For a long time, the Hasidim were in conflict with the Orthodox Jews-mitnagdim (Litvaks), who put the study of the Talmud at the forefront. Gradually, the Hasidim also began to study the Talmud and became one of the movements of Orthodox Judaism. In fact, today there are three directions of Orthodox Judaism, the already named Litvaks and Hasidim, as well as "knitted kippah" followers of Abraham Yitzchak Cohen Cook (1865 1935).

The First World War and the October Revolution in Russia had a strong impact on the Hasidim. Many of them left the borders of Russia, while those who remained were largely assimilated with the urban population. The leader of the Lubavitch Hasidim, Rabbi Menachem Mendel Schneerson, left the USSR in 1927 (settled in New York in 1941), and he did so in time soon (1935) the Hasidic movement was declared counter-revolutionary.

In 1938, the rabbi of Moscow, Hasid Shmaryahu Yehuda Leib Medalie, was arrested as a member of a terrorist organization and shot. The Hasidim of the USSR went underground. There are currently two chief rabbis in Russia, one of whom, Berl Lazar, is a Lubavitch Hasid.

In the modern world, Hasidim, including the followers of the Chabad movement, live in closed communities. In Israel, the Hasidim live compactly in the Jerusalem district of Mea Shearim and the city of Bnei Brak. In the period from 1881 to 1915, about two million Jews left the territory of the Russian Empire for the United States, among whom there were many Hasidim. A large community of North American Hasidim exists in New York. The Hasidim of Israel are involved in the political life of the country.

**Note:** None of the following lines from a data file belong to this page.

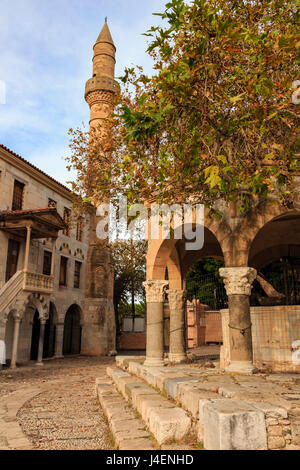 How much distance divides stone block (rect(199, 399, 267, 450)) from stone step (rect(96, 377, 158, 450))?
1.02 metres

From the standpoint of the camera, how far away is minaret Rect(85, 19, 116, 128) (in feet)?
83.8

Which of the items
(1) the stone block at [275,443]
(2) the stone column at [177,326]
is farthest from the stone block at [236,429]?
(2) the stone column at [177,326]

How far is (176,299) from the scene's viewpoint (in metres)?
12.0

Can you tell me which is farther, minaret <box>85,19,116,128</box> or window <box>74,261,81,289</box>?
minaret <box>85,19,116,128</box>

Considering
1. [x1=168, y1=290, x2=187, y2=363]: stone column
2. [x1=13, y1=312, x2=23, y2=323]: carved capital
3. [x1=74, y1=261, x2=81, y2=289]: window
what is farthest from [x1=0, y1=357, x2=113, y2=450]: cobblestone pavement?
[x1=74, y1=261, x2=81, y2=289]: window

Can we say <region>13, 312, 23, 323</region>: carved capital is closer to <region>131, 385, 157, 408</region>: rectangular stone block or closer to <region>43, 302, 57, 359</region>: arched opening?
<region>43, 302, 57, 359</region>: arched opening

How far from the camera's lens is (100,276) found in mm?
24469

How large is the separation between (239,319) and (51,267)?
43.3ft

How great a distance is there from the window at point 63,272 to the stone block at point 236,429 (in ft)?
63.2

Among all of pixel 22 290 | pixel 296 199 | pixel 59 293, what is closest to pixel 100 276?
pixel 59 293

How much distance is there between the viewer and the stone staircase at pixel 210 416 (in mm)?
3416

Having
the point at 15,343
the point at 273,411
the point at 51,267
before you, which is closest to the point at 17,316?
the point at 15,343

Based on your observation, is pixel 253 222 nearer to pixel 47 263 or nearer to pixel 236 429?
pixel 236 429
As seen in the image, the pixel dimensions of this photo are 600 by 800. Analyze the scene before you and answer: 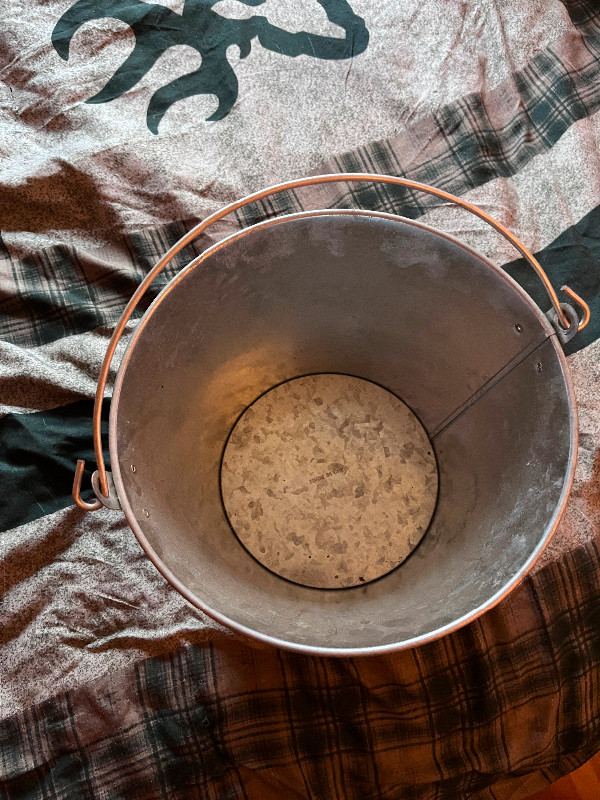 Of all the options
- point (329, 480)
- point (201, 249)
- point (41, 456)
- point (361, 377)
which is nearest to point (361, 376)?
point (361, 377)

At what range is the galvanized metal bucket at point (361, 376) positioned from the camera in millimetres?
604

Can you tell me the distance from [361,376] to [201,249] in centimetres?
29

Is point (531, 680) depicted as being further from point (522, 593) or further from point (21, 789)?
point (21, 789)

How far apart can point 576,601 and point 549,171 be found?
0.60m

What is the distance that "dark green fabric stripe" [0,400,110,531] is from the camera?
29.9 inches

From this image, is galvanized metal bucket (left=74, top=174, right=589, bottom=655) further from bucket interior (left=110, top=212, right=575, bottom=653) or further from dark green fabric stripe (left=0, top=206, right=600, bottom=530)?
dark green fabric stripe (left=0, top=206, right=600, bottom=530)

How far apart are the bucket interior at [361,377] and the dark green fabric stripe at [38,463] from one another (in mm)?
143

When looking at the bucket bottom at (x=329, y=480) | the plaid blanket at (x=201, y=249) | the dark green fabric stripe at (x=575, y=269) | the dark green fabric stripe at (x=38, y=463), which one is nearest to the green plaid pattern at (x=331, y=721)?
the plaid blanket at (x=201, y=249)

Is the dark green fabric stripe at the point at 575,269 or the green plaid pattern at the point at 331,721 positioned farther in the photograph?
the dark green fabric stripe at the point at 575,269

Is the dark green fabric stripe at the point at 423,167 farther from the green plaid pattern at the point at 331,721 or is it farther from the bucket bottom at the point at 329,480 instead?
the green plaid pattern at the point at 331,721

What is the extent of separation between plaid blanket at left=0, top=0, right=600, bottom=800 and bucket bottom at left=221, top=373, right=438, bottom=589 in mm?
114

Some of the Israeli Hasidim are part of the right wing of religious and political movements and advocate the construction of Jewish settlements in the West Bank and in the Gaza Strip. However, there is also the Hasidic movement Neturei Karto (aram. Guardians of the city), whose adherents oppose Zionism and the existence of the State of Israel, taking the pro-Palestinian side in the conflict between Israel and the Arab world.